Biographie

Jeremy Hayward, proche disciple de Chögyam Trungpa est un des principaux enseignants de Shambhala International. Scientifique de formation et co-fondateur de l’Université Naropa reconnue par les autorités aux Etats-Unis, il a développé dans ses ouvrages la vision de Shambhala et jeté des bases pour un ré-enchantement du monde. Il est actuellement responsable de Detchen Chöling, siège européen de Sambhala International, dans le Limousin.

Propos recueillis par Lama Lhundroup et Khristophe Lanier

Lors d’un séminaire à l’Institut Karma Ling en juillet 2002, Jeremy Hayward a accepté de répondre à quelques questions.

Question : Jeremy pouvez-vous nous parler de l’Université Naropa ? Quelle en était l’idée de base et comment l’avez-vous concrétisée ?
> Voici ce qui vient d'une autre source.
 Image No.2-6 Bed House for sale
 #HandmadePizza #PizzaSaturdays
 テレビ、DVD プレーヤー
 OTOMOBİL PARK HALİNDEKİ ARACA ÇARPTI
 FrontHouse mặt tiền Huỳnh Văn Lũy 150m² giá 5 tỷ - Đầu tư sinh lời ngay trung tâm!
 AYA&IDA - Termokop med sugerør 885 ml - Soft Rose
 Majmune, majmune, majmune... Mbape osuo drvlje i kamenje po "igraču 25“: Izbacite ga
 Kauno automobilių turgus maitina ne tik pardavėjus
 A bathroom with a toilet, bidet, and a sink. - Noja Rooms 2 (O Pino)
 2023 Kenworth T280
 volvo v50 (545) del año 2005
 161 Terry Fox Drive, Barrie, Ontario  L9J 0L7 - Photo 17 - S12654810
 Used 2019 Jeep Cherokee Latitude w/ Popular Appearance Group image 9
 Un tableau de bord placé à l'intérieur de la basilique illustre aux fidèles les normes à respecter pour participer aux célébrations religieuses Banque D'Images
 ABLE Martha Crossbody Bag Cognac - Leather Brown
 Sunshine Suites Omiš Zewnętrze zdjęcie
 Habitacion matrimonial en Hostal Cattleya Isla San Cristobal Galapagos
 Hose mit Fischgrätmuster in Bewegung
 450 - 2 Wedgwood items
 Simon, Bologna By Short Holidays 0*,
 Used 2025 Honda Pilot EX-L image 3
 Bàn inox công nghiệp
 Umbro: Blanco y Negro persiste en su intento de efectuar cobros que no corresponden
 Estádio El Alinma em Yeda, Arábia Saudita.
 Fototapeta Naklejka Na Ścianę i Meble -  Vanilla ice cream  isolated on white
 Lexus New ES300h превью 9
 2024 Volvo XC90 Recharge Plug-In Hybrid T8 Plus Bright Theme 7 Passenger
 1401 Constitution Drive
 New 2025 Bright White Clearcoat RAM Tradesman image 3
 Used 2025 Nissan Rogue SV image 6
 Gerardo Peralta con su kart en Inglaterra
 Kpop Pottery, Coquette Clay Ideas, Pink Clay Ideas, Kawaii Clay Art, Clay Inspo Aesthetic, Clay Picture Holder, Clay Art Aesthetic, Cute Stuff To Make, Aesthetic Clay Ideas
Réponse : Nous avons commencé en 1973, nous étions un groupe désirant mettre en place un programme d’étude estival. Le premier séminaire a eu lieu durant l’été 1974 avec deux sessions de cinq semaines comprenant en tout 20 ou 25 cours différents. Parmi les intervenants principaux, il y avait Baba Ram Das qui était très populaire à l’époque et qui réunissait des milliers de personnes. Il y avait également Herbert Guenther, et bien entendu Chögyam Trungpa. L’idée de base était de faire converger l’Orient et l’Occident. Nous attendions 200 personnes et il en est venu un millier à chaque session, soit 2000 en tout. Trungpa Rimpoche enseignait tous les soirs et Baba Ram Das également. Cela créait un climat un peu particulier, car Trungpa Rimpoche parlait de trancher dans le matérialisme spirituel, alors que Baba Ram Das (Richard Alpert) était dans son trip très indien. Au début des années 70, c’était l’époque aux États-Unis de ce que Trungpa Rimpoche appelait le « supermarché spirituel », avec tous ces gourous qui venaient d’Inde. Il y avait encore assez peu de tibétains, la plupart des bouddhistes étaient des théravadins qui enseignaient vipassana.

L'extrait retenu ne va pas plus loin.